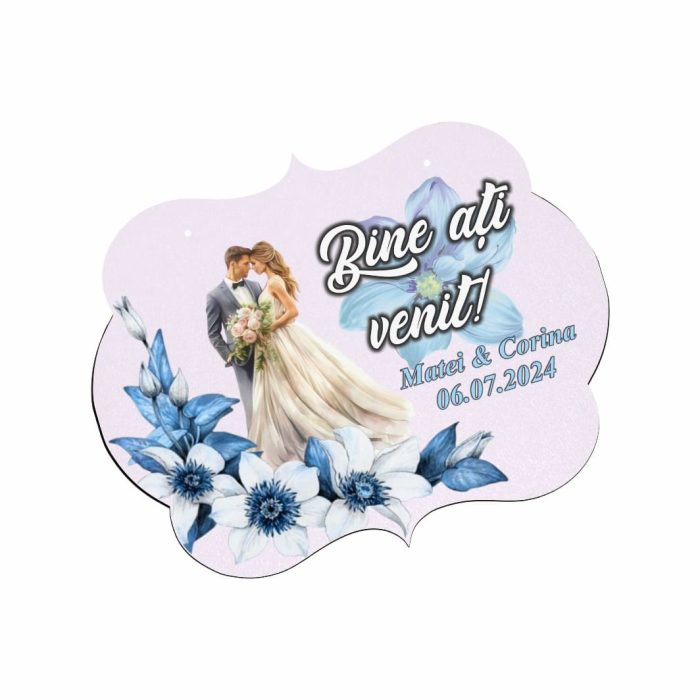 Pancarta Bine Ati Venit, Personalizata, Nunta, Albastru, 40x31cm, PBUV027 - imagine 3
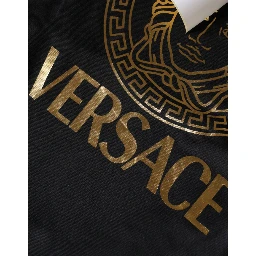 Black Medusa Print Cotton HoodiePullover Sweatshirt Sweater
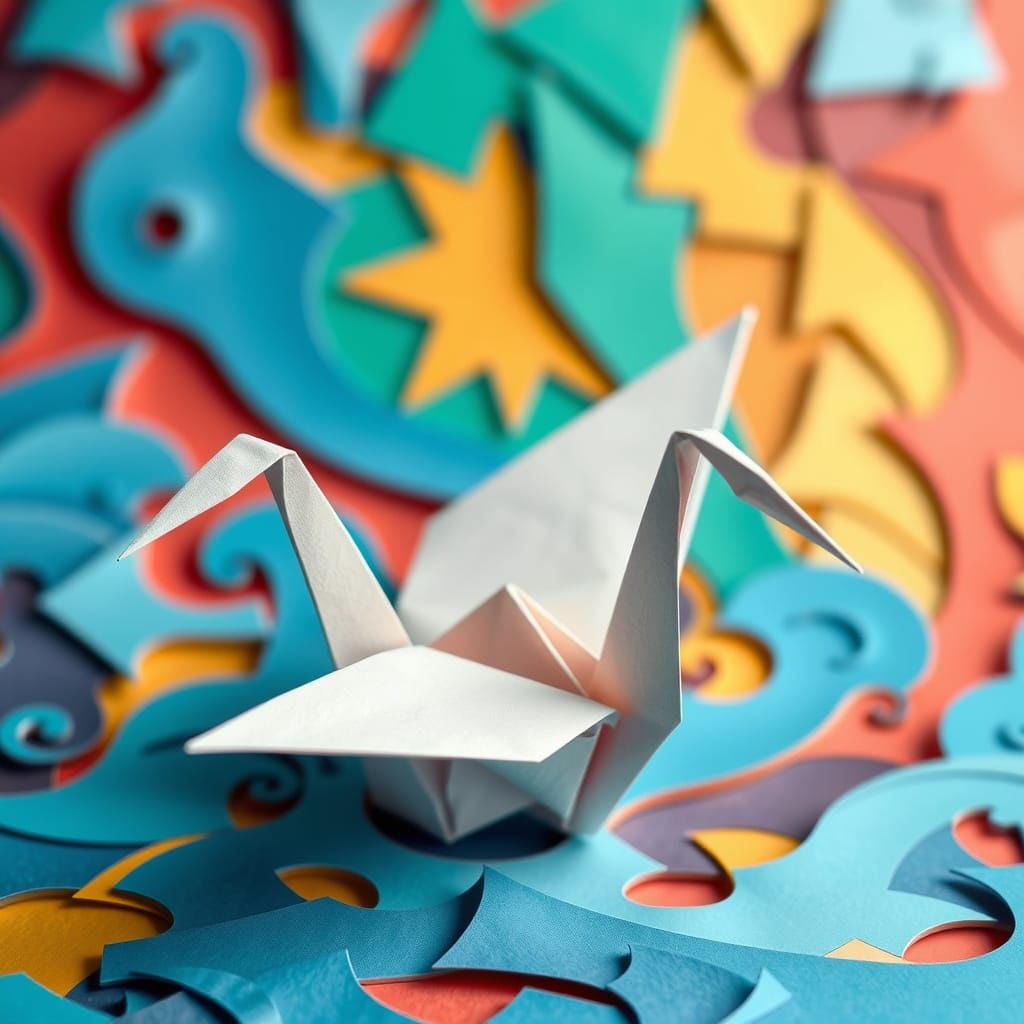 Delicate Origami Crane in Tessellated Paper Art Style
--
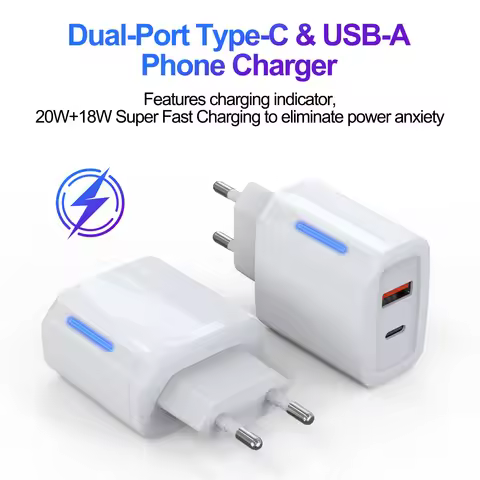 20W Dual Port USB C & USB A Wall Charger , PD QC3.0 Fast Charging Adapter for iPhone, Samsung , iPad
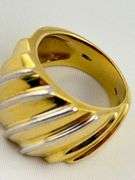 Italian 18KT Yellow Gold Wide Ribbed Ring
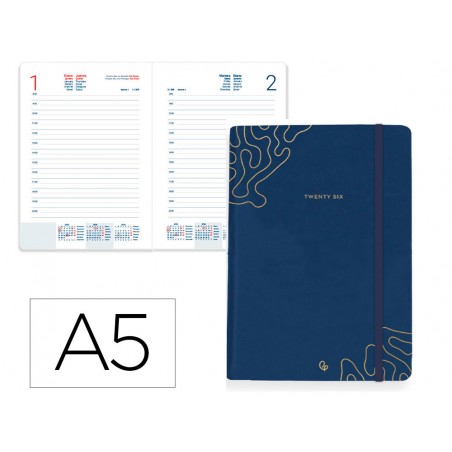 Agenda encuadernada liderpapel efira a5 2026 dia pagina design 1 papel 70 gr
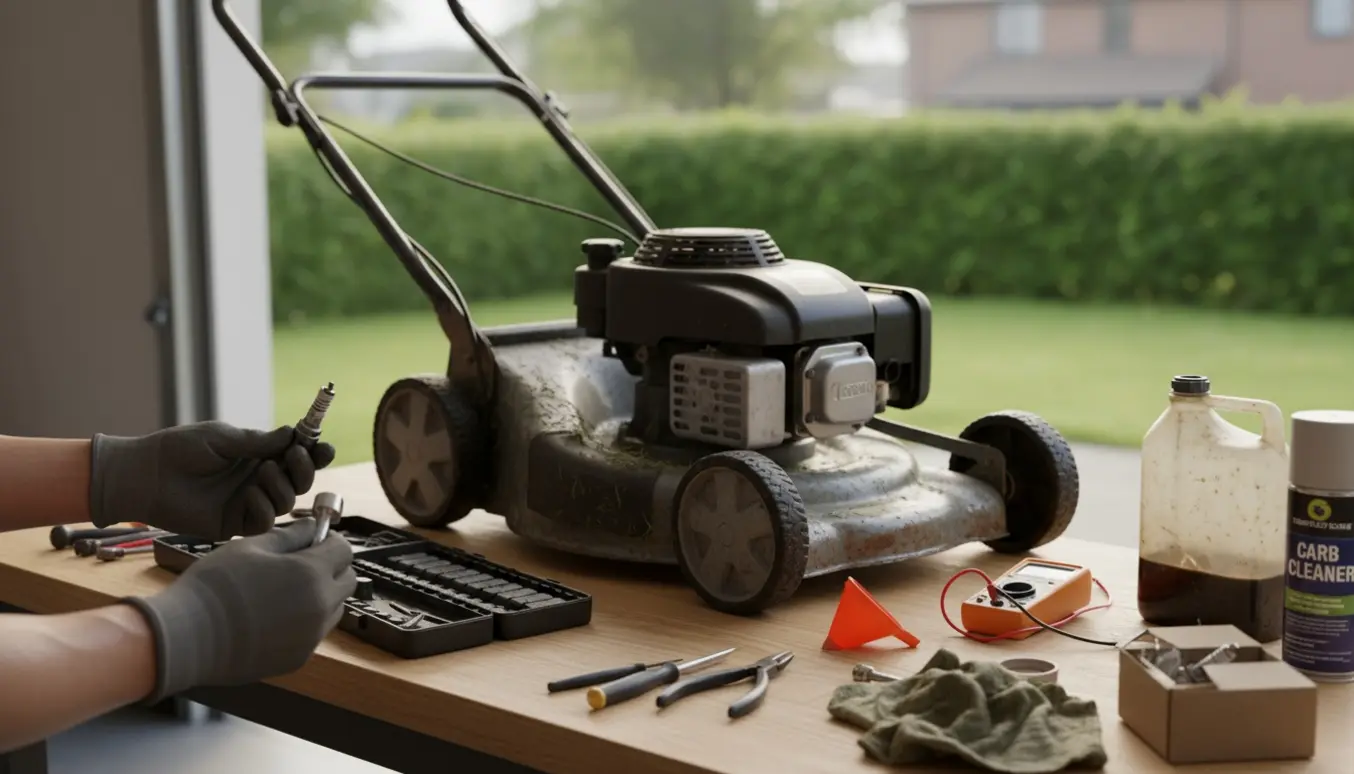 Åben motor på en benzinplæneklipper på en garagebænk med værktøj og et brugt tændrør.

> _What this task involves_: Copy exactly the material above from the line with "Italian 18KT Yellow Gold Wide Ribbed Ring" to the line with "Åben motor på", ends included, and nothing else. Leave out any picture.

> _Your response_:
 Italian 18KT Yellow Gold Wide Ribbed Ring
 Agenda encuadernada liderpapel efira a5 2026 dia pagina design 1 papel 70 gr
 Åben motor på en benzinplæneklipper på en garagebænk med værktøj og et brugt tændrør.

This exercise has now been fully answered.